Why does the mainstream of the left defend critical race theory? There's a lot going on here. They haven't read it. They've been deceived, partially by people bullshitting, and partly by people dissembling. There are simple heuristics at work in the absence of full information. Side with the left rather than the right, generally speaking. Side with the minority rather than whites. If the right hates something, defend it. All of that together makes it rather understandable why mainstream lefties who haven't read Bell, Crenshaw and the rest would form some positive affect towards the phrase, "critical race theory," accept the premise that it is just the history of racism and inequality and such, and rush to the defense of this thing called "critical race theory."
Yet we come back to the following basic point. Critical race theory is a specific explanation for why history is as it is, along with a specific set of proposals for what to do about it, and mainstream liberalism runs directly contrary to both the "why," and the "what next" proposed by CRT. Yet, mainstream liberals fall back on heuristics that predispose them to defend what they think CRT is.
It's the weirdest thing.
Especially when we remember that critical race theory says that mainstream liberals are part of the problem. That they are complicit in propping up a system constructed and maintained to this day for the purpose of oppressing black people. Yes, critical race theorists say that the mainstream-left are complicit in a system that exists for the purpose, not just with the effect, but for the purpose of creating a racial hierarchy. (Recall the issue of conspiracy theories and the teleological fallacy.)

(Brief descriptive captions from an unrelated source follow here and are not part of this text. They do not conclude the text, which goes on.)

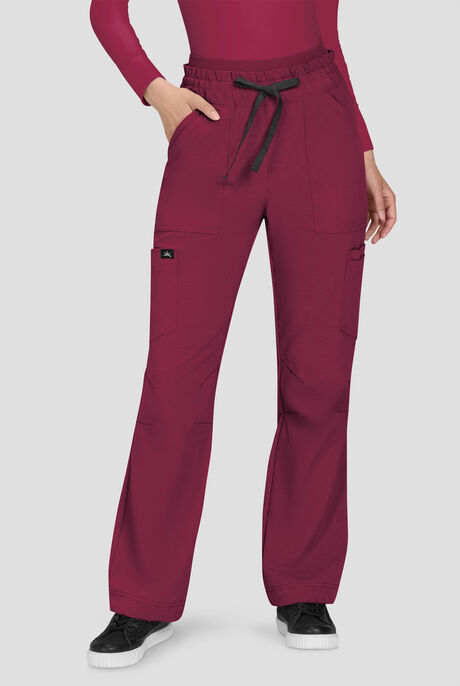 koi Solis Freda Women's 8-Pocket STRETCH Rib-Knit Double Waist Straight Leg Cargo Scrub Pant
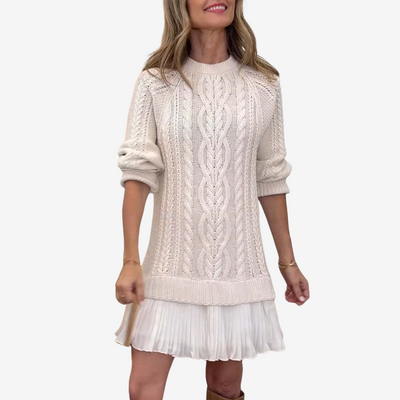 Kate's Boutique- Knit Sweater Dress with Pleated Skirt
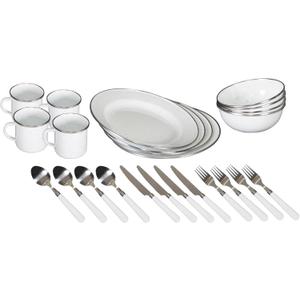 Stansport 24-Piece Enamel Camping Tableware Set (White)
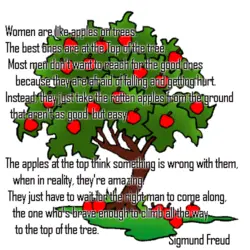 Women are like apples on trees. The best ones are at the Top of the...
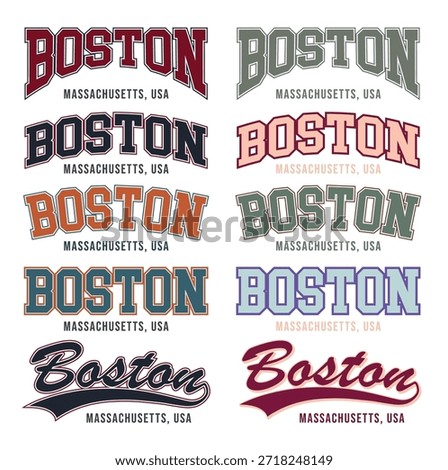Vintage BOSTON Typography Set – Retro American Lettering Collection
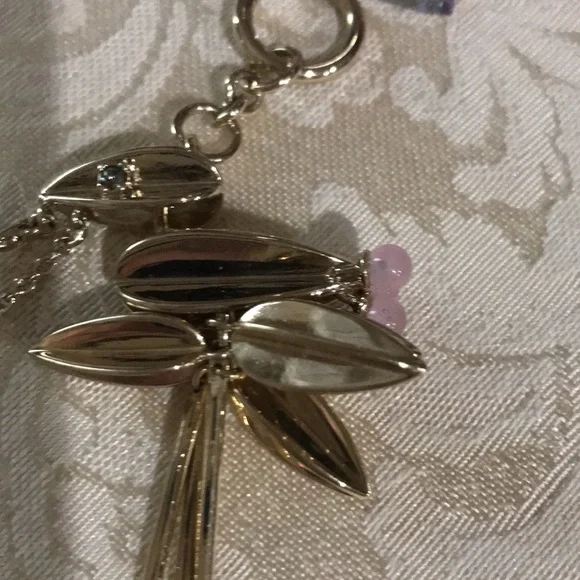 Large Christian Dior Crystal Pink & Black Stone Pendant - Picture 5 of 12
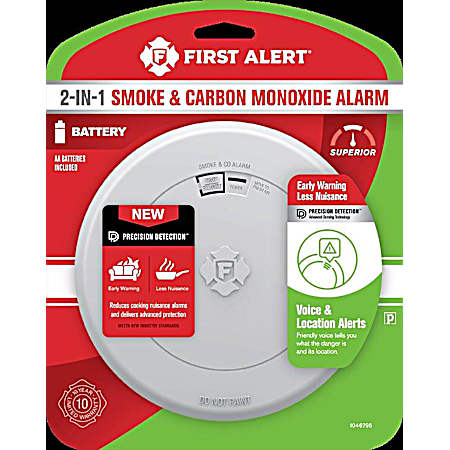 Battery Operated 2-in-1 Smoke & CO Alarm with Voice Alerts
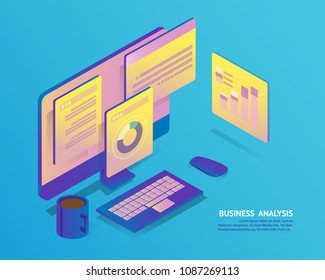 business analysis system, isometric blue light concept. there are computer laptop and graph screen. vector illustration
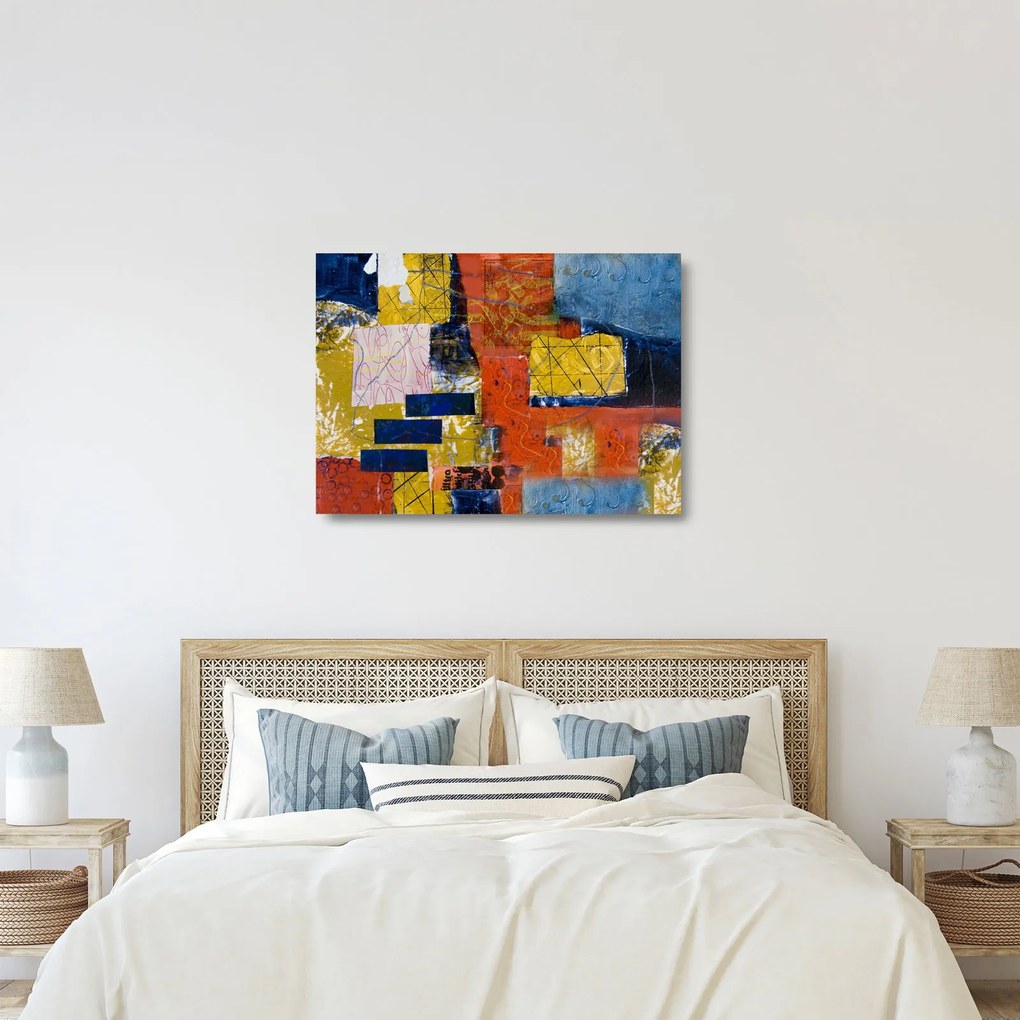 Kép - Absztrakció (üvegen) (70x50 cm)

It is one thing for Robin DiAngelo to sell books to self-flagellators in her social justice BDSM boudoir. Consenting adults, I don't judge. (When it is imposed without consent, I get more judgy, but that's another matter. DiAngelo should never be forced on anyone, any more than a gimp suit and ball gag should be forced on anyone.) This is weirder. A lot of the defenders of critical race theory don't even realize that they are defending a body of work that calls them complicit in propping up a system of racial oppression. That's what happens when you defend something without knowing what it is.
Curiouser and curiouser. Has that dude been cancelled yet? No? Interesting.
Anyway, there will be one more piece in this series, addressing a couple of important questions. Why are we talking about this in the first place? Short answer: schools. Following from that, since nobody is actually assigning Bell or any of this stuff in K-12, how is this actually influencing K-12 education?
So, one more.
Anyway, with yesterday's little rant, I forgot to put up any jazz, so I'll go with some jazz today. Wes Montgomery, "The Trick Bag," from Boss Guitar.